_TASK DIRECTIONS:_ Nothing but the lines below from the one containing "Will to Read by Steve Dela" through the one containing "Smart Wireless Remote" should appear in the answer, exact and without pictures.

Segment Start: INFORMATION GIVEN

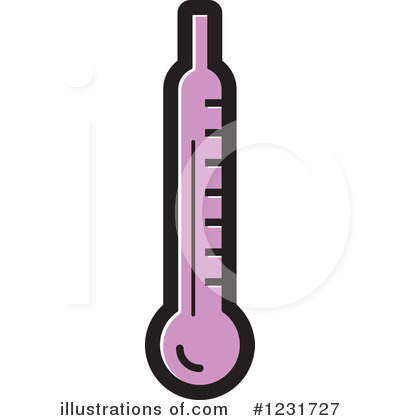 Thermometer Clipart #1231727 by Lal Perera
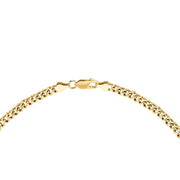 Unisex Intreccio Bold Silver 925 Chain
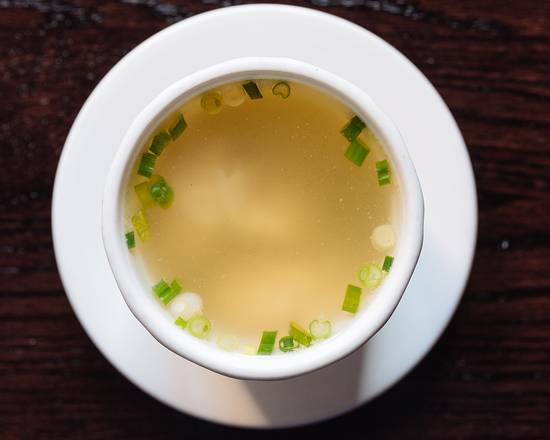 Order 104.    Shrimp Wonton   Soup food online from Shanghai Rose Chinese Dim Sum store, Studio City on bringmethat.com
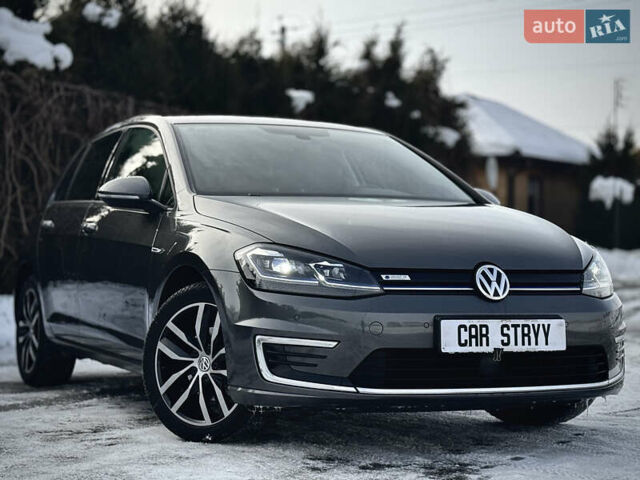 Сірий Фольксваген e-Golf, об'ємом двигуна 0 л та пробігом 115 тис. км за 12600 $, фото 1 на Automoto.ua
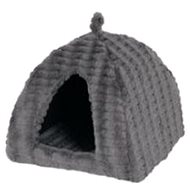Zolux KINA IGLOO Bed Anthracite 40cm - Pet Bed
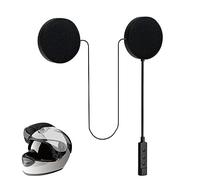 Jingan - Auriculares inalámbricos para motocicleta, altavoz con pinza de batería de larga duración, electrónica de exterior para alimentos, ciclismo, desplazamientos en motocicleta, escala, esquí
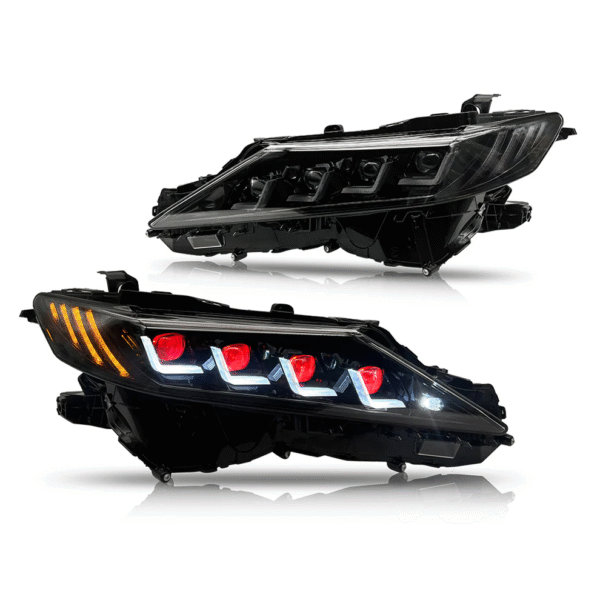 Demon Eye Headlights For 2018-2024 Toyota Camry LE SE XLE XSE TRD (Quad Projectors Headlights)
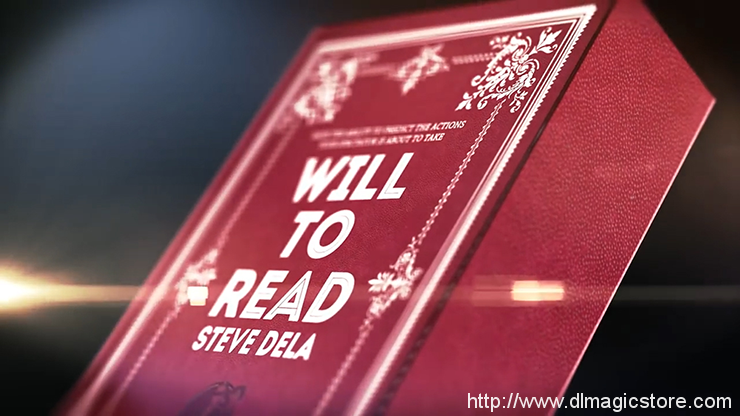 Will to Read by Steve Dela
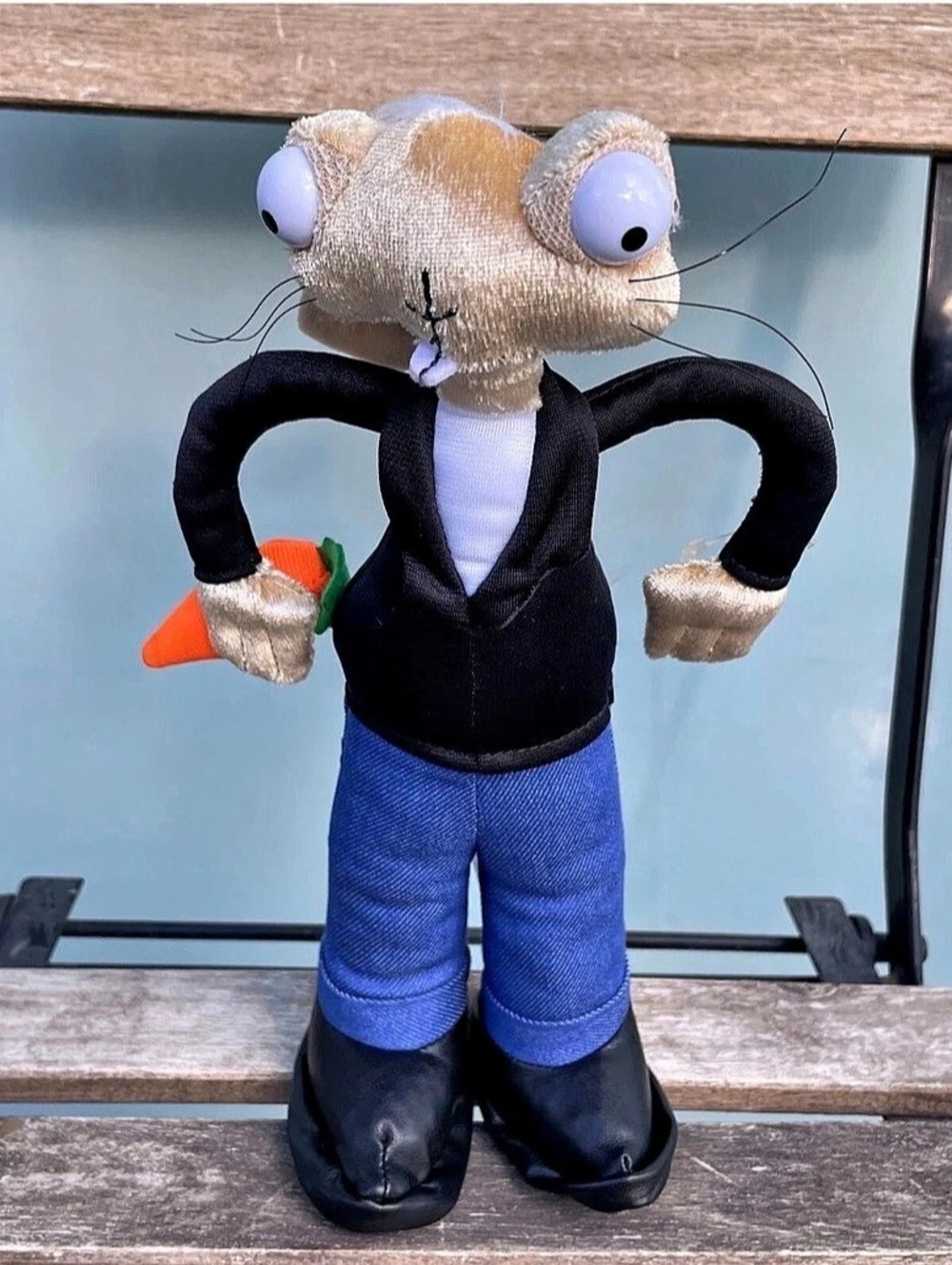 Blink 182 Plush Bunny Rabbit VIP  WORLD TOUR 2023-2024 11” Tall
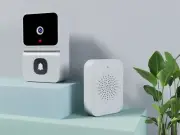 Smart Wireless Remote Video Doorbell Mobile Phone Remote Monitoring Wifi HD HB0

Segment End: INFORMATION GIVEN
Segment Start: INFORMATION GIVEN

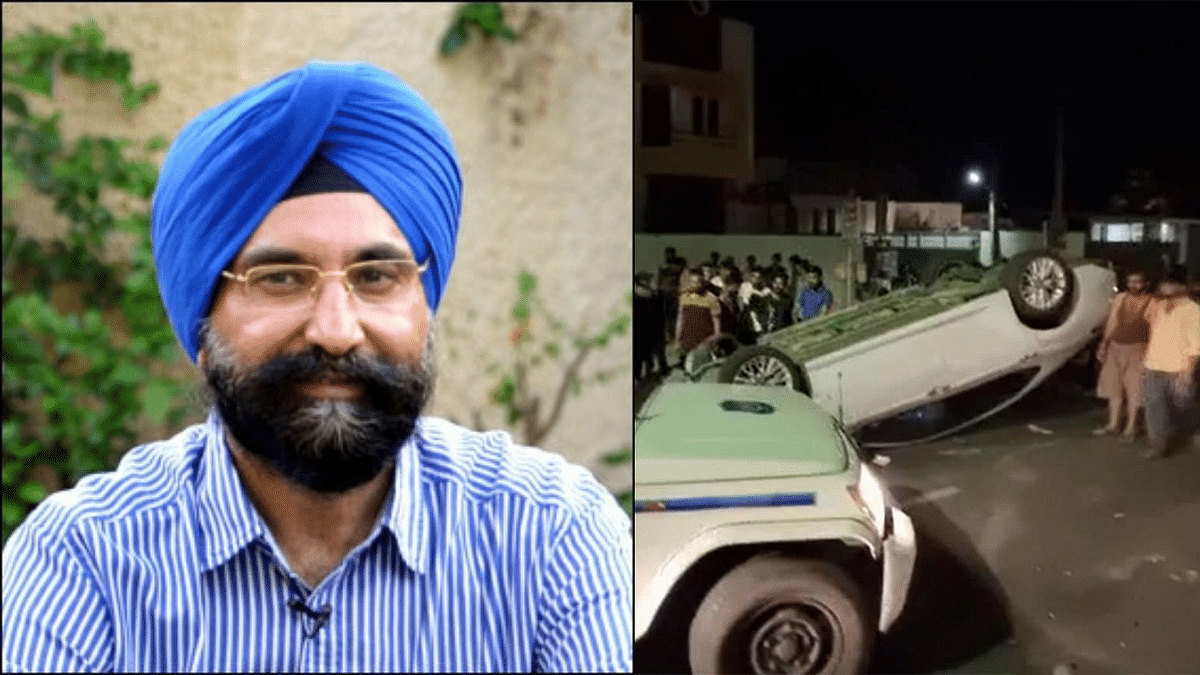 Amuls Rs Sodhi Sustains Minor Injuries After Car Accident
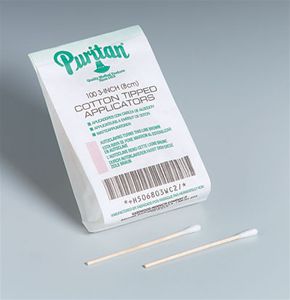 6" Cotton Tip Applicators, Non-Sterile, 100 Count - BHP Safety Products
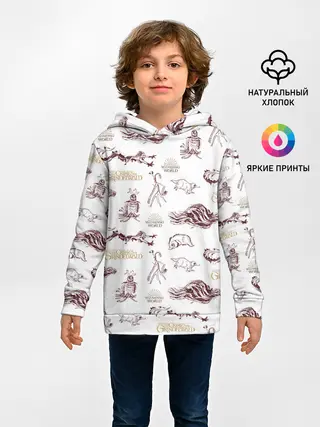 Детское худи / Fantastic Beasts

Segment End: INFORMATION GIVEN
Segment Start: INFORMATION GIVEN

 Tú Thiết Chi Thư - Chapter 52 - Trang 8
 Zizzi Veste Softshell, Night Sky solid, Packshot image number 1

Segment End: INFORMATION GIVEN

_EXERCISE RESULT:_
 Will to Read by Steve Dela
 Blink 182 Plush Bunny Rabbit VIP  WORLD TOUR 2023-2024 11” Tall
 Smart Wireless Remote Video Doorbell Mobile Phone Remote Monitoring Wifi HD HB0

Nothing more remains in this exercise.